TO DO: Transcribe the whole listing exactly, but do not carry over its pictures.

INPUT DATA:
* * *
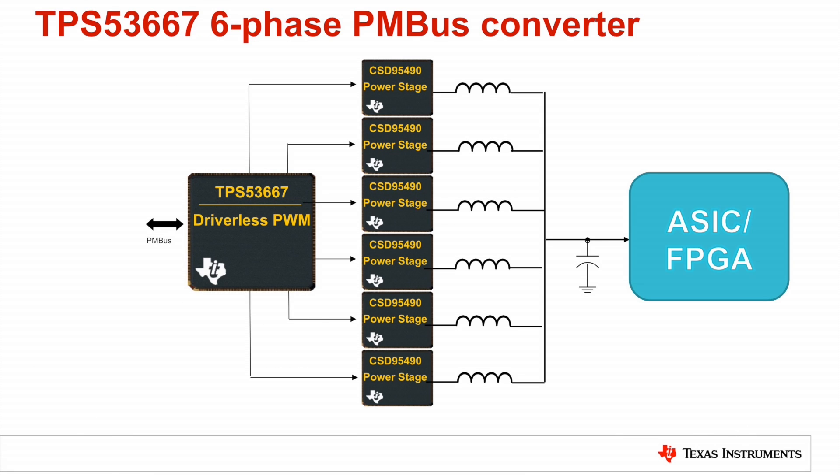Such a PMBus multiphase controller is the TPS-53667. This one-to-six-phase driverless PMBus controller is paired with TI's CSD95490 Smart Power Stages. The driverless architecture and TI Smart Power Stages enable high power density with no trade-off in efficiency.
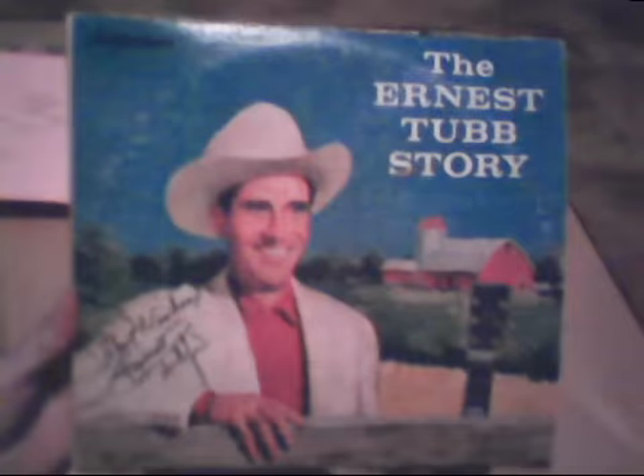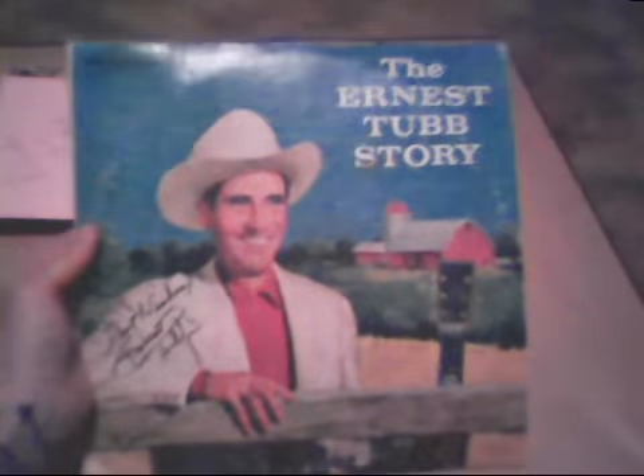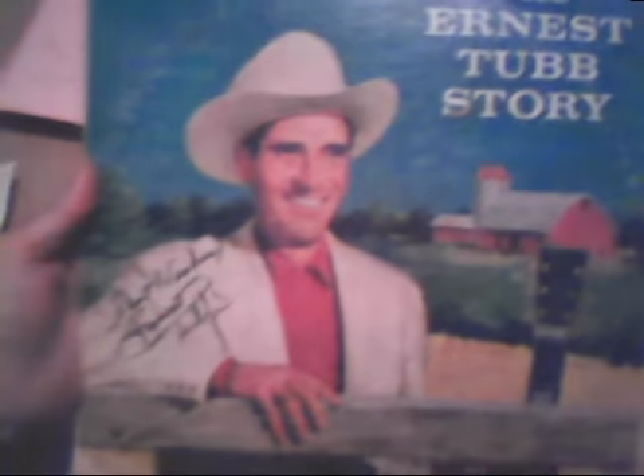Last but not least, the epic purchase of the day. This is a double record album from one of the pioneers of country music, Ernest Tubb — 'The Ernest Tubb Story.' Signed right there in black Sharpie: 'Best wishes, Ernest Tubb.' He basically ushered in honky-tonk music and had an amazing long career, dying in 1984. Super super happy to get this.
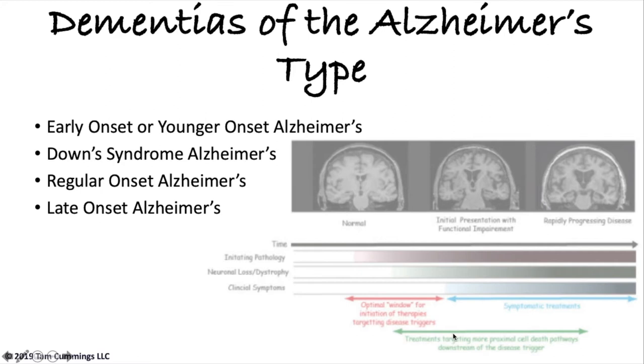Other dementias do not cause a change in personality per se — if you were a type A person, you're a type A person with dementia. But in Down syndrome Alzheimer's, we actually see a change in personality. The person with Down syndrome becomes easily agitated, and uniquely, they don't stop doing their ADLs — they refuse to do them. So if you say 'Mark, you need to get out of bed,' the response is no. From the onset of this refusal to do ADLs to death, it's typically less than two years.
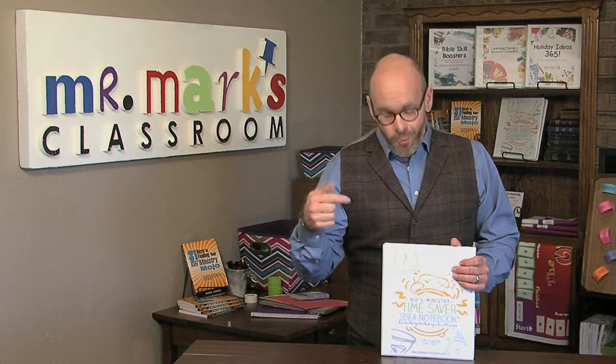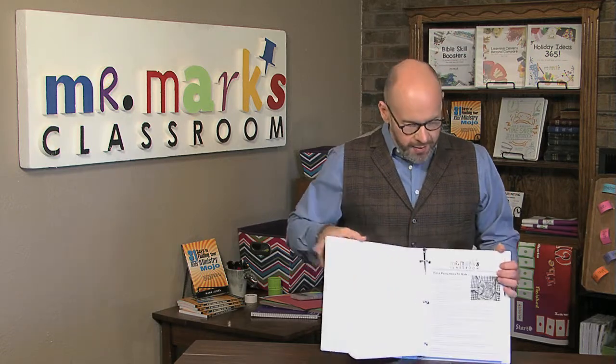The Time Saver Notebook. Listen, this is every children's minister's dream. This is really filled with go-to pages that you can use in your ministry. You will be able to just make a copy of some of these things and be able to just hand them out to your teachers. It's kind of like training on the go.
* * *
ANSWER TO THE EXERCISE:
Such a PMBus multiphase controller is the TPS-53667. This one-to-six-phase driverless PMBus controller is paired with TI's CSD95490 Smart Power Stages. The driverless architecture and TI Smart Power Stages enable high power density with no trade-off in efficiency.
Last but not least, the epic purchase of the day. This is a double record album from one of the pioneers of country music, Ernest Tubb — 'The Ernest Tubb Story.' Signed right there in black Sharpie: 'Best wishes, Ernest Tubb.' He basically ushered in honky-tonk music and had an amazing long career, dying in 1984. Super super happy to get this.
Other dementias do not cause a change in personality per se — if you were a type A person, you're a type A person with dementia. But in Down syndrome Alzheimer's, we actually see a change in personality. The person with Down syndrome becomes easily agitated, and uniquely, they don't stop doing their ADLs — they refuse to do them. So if you say 'Mark, you need to get out of bed,' the response is no. From the onset of this refusal to do ADLs to death, it's typically less than two years.
The Time Saver Notebook. Listen, this is every children's minister's dream. This is really filled with go-to pages that you can use in your ministry. You will be able to just make a copy of some of these things and be able to just hand them out to your teachers. It's kind of like training on the go.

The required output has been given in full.